[Start of Attachment]

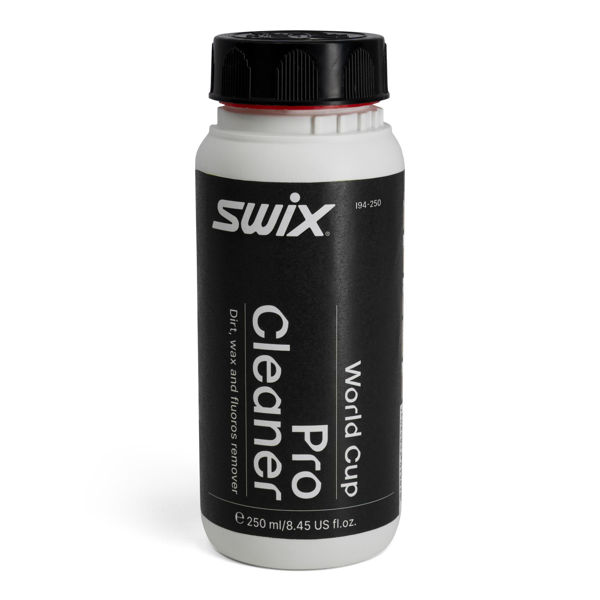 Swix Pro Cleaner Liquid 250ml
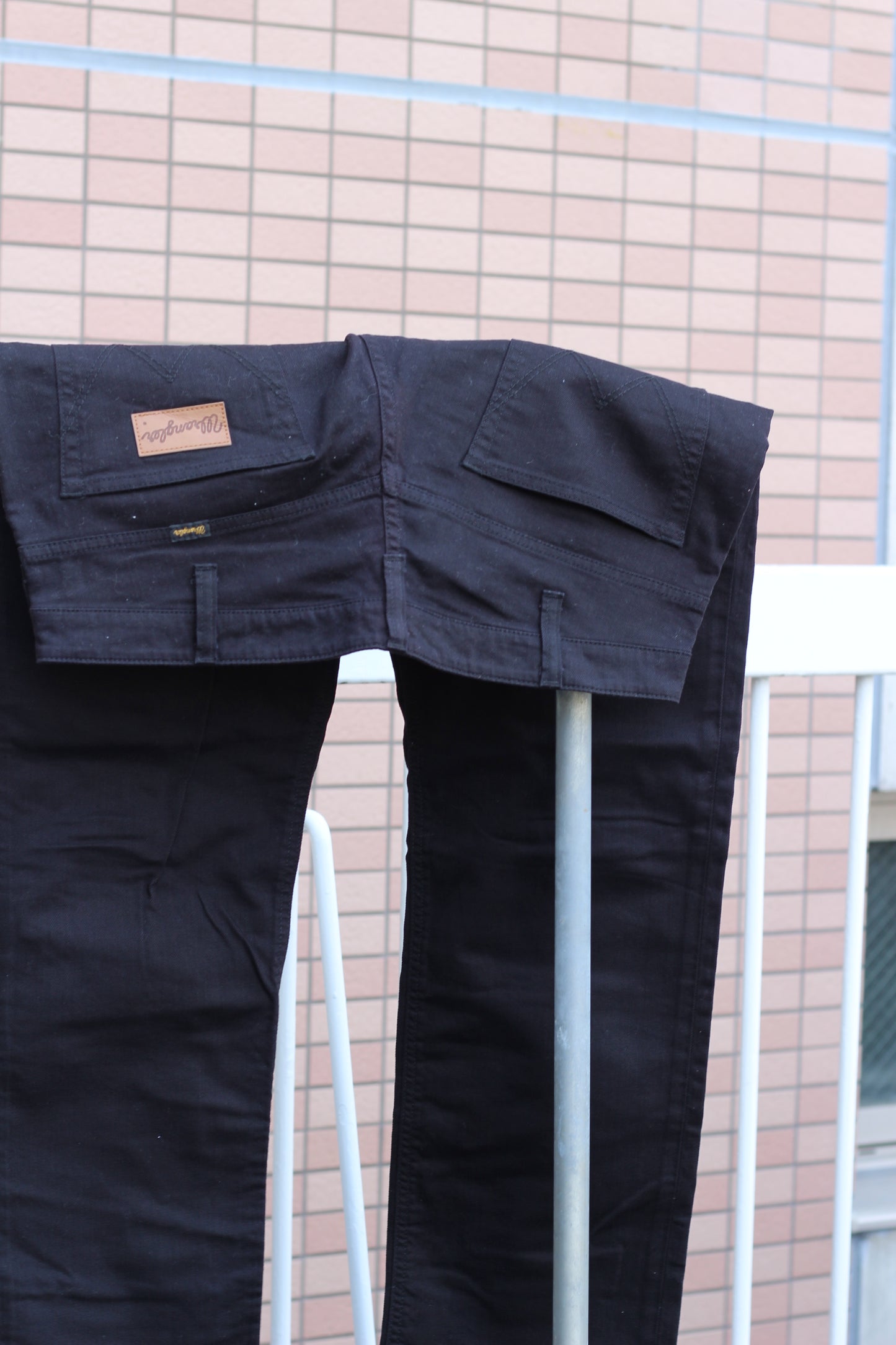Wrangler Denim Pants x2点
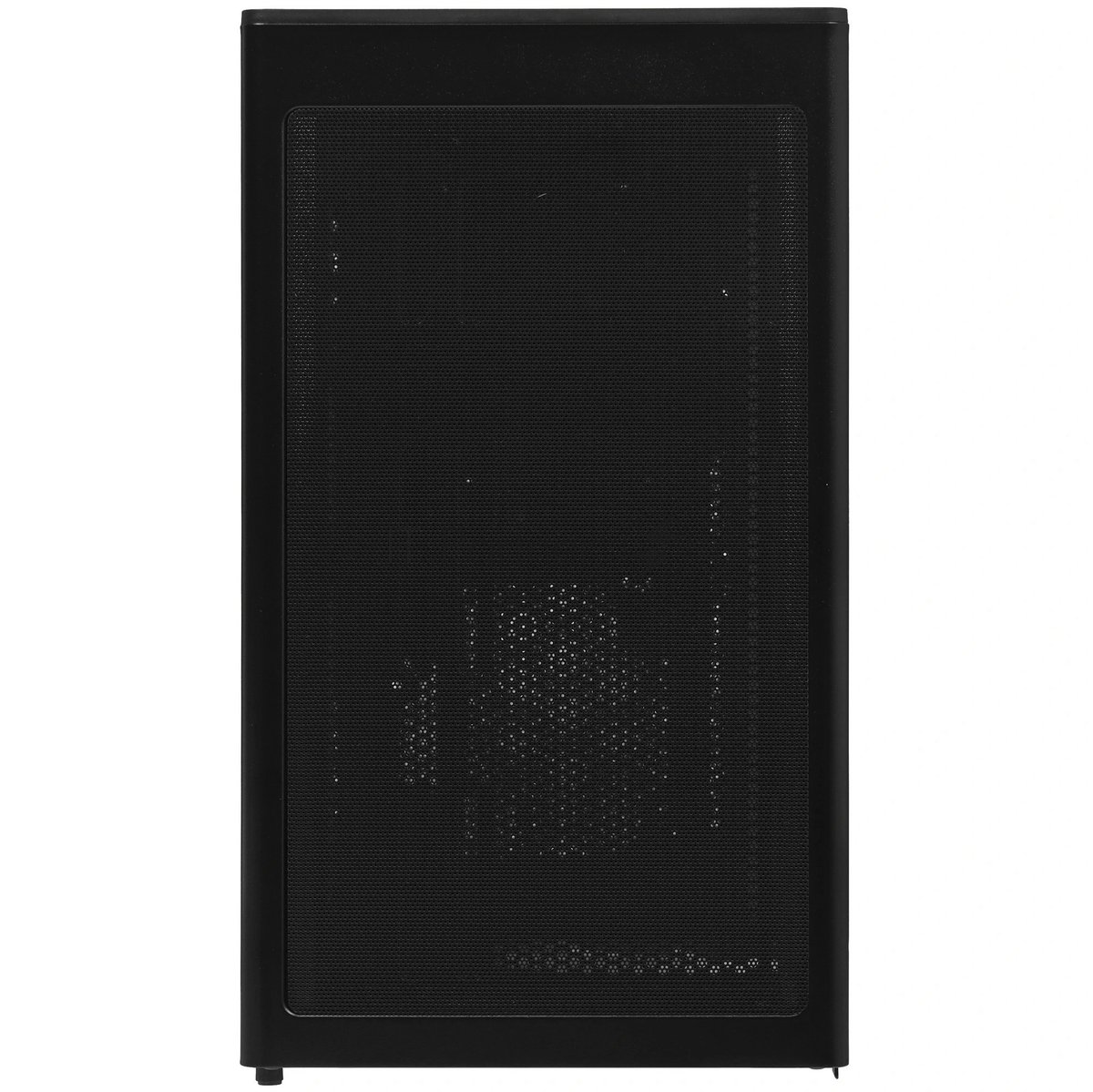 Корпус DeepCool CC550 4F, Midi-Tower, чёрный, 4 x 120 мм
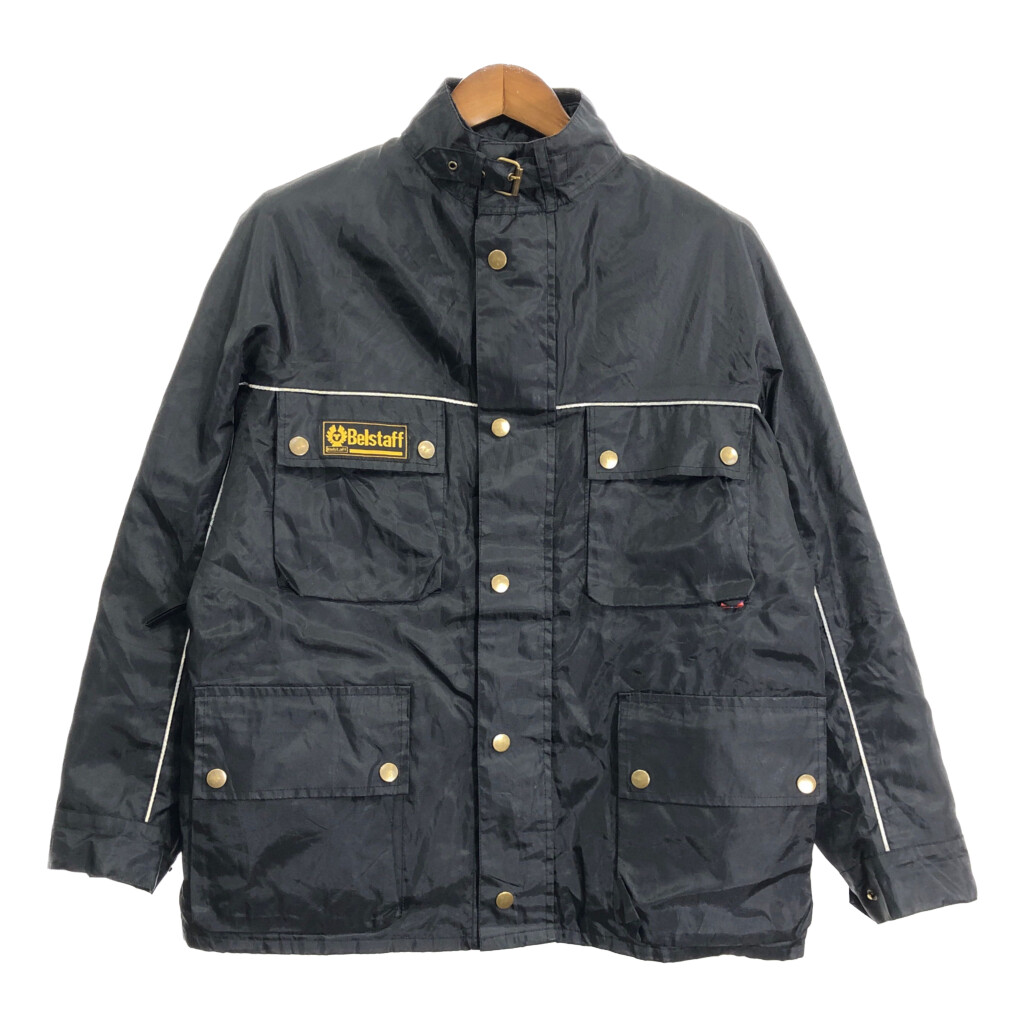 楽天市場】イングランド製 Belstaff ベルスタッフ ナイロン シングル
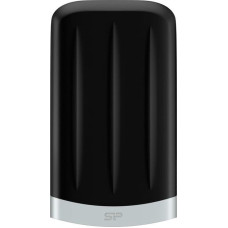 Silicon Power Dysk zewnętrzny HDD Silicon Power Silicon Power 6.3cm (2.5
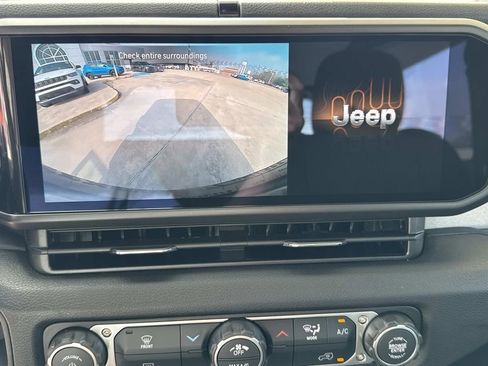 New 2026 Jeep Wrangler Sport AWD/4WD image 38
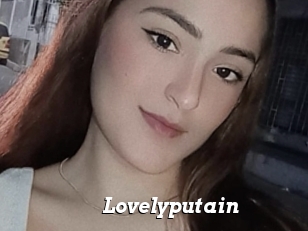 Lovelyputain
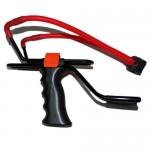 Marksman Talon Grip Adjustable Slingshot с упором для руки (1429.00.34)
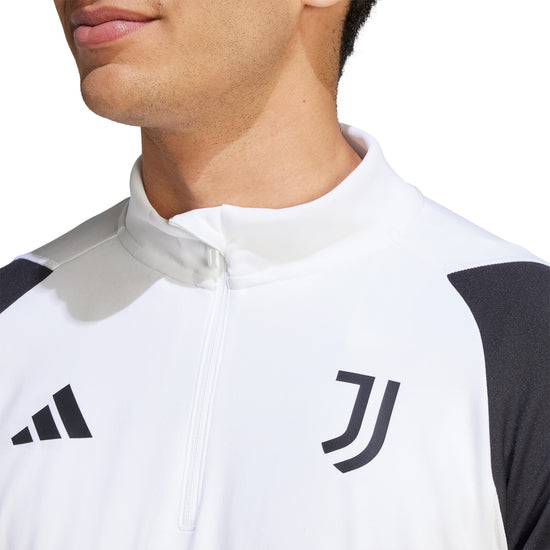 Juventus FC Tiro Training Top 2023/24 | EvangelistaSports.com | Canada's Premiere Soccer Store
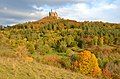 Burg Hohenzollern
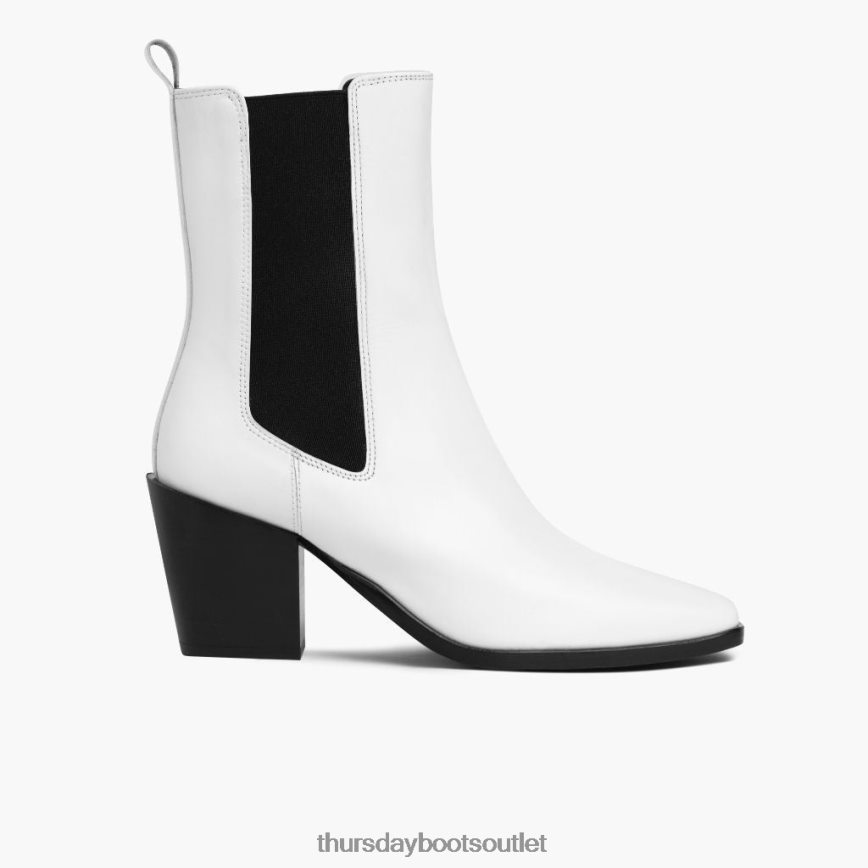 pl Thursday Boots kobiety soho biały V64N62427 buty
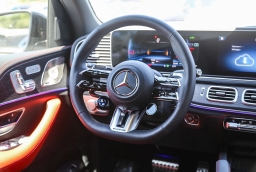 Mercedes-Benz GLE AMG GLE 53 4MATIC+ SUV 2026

[End of Attachment]

Reproduce precisely the lines of the entries above, from the one containing "New 2026 Jeep" through the final one, both ends included, and omit the pictures.

*OUTPUT BELOW*:
 New 2026 Jeep Wrangler Sport AWD/4WD image 38
 Lovelyputain
 Marksman Talon Grip Adjustable Slingshot с упором для руки (1429.00.34)
 Juventus FC Tiro Training Top 2023/24 | EvangelistaSports.com | Canada's Premiere Soccer Store
 Burg Hohenzollern
 pl Thursday Boots kobiety soho biały V64N62427 buty
 Mercedes-Benz GLE AMG GLE 53 4MATIC+ SUV 2026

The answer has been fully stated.